Here's an example of a migration. Let's see what this migration does.
We are declaring a key name, EBS-encrypted. For the mini, we have to decide, Should we encrypt it or not? The default value for it is 0. We have text where we generate help documentation from here. And then we have some more data for it, and we have here the type of key. In this case, it is an integer. What values can we have in there? 0 and 1, and if it's required or not.
3 Minis: A Demo
Let me recap what we are going to deploy in the demo: 3 minis into AWS, and we are going to reuse an environment that Josh created previously.
For the demo, I'm going to pull up the CLI. First we need to set up Consul. Let's go into the migrations folder, for the mini. Then, let's run the migration command, just for you to see what is required to run. So, we need the customer name, the environment, and the region where it's going to be set up.
Now, let's fetch the actual commands that run the migration. For that, we have 3 batch commands. Each one will set up a mini in the EU Central region. We also have the option
--no-dryrun, which will create the keys in Consul.
It's adding, at this moment, probably 100 or 200 keys into Consul with all the configurations that are possible for aws_mini stack.
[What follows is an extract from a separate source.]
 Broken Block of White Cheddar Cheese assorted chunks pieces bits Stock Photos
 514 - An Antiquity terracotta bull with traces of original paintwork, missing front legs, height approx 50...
Now let's jump into Consul, to see that the 3 minis inside of aws_sandbox were created. Now what we need to do is just change one default value and its environment name. This configuration is going to be configured to reuse the Josh aws_setup.
We change it to "josh," because that's the environment name for the aws_setup. OK, mini1 is done. Now we need to do the remaining minis.
Let me put the value on the browser line. Let's go into mini2. We do the environment name, "josh," and save. Now let's go into mini3. Setting also the env_name. Let's input the value.
Now we have all of the configurations done to deploy the 3 minis. No more are needed because the default values that we have work well enough for the demo.
This stack also uses secrets. We store the secrets in Vault.
At this moment, Vault is also set up. What we need to do now is to run Terraform, and we will have our brand-new minis, ready to be used.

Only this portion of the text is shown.